Reports / September 2021

HTTPX

We now have a 1.0 pre-release for HTTPX.

The 1.0.0.beta0 release adds a huge new feature, in the form of a command-line client…

httpx --help

httpx http://httpbin.org/json

The release also includes some design changes. The most notable of these is that redirect responses are no longer automatically followed, unless specifically requested.

This design decision prioritises a more explicit approach to redirects, in order to avoid code that unintentionally issues multiple requests as a result of misconfigured URLs.

For example, previously a client configured to send requests to http://api.github.com/ would end up sending every API request twice, as each request would be redirected to https://api.github.com/.

If you do want auto-redirect behaviour, you can enable this either by configuring the client instance with Client(follow_redirects=True), or on a per-request basis, with .get(..., follow_redirects=True).

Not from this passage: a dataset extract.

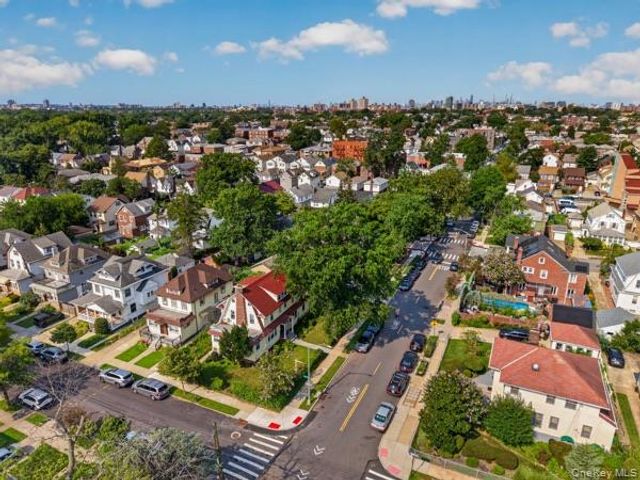 167-16 43rd Avenue, Flushing, NY 11358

This change is a classic trade-off between convenience and precision, with no “right” answer. See discussion #1785 for more context.

The other major design change is an update to the Transport API, which is the low-level interface against which requests are sent. Previously this interface used only primitive datastructures, like so…

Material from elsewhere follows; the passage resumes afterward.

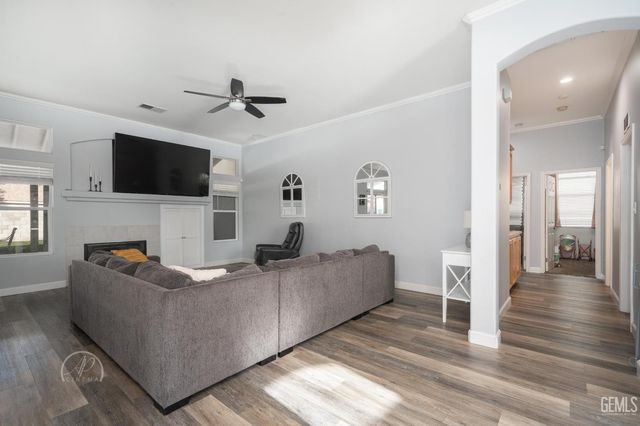 8112 Falls Court, Bakersfield, CA 93312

(status_code, headers, stream, extensions) = transport.handle_request(method, url, headers, stream, extensions)
try
    ...
finally:
    stream.close()

Now the interface is much simpler…

response = transport.handle_request(request)
try
    ...
finally:
    response.close()

Django REST framework

I’ve been making a little time for triage on REST framework. Heavy going, given the age of the project and the volume of (often outdated) issues, but making a bit of progress on getting the pull request and issue numbers down.

Finances

Catching up on monthly finances, trimming down on a couple of expenses.

A rough breakdown of how Encode’s monthly finances currently look…

Taxes are missing from that monthly breakdown because they’re not monthly. I’ll need to take a review at the end of the company’s financial year in order to determining if we’re currently breaking even or not. (Hint: It looks a bit tight, but probably about okay at the moment.)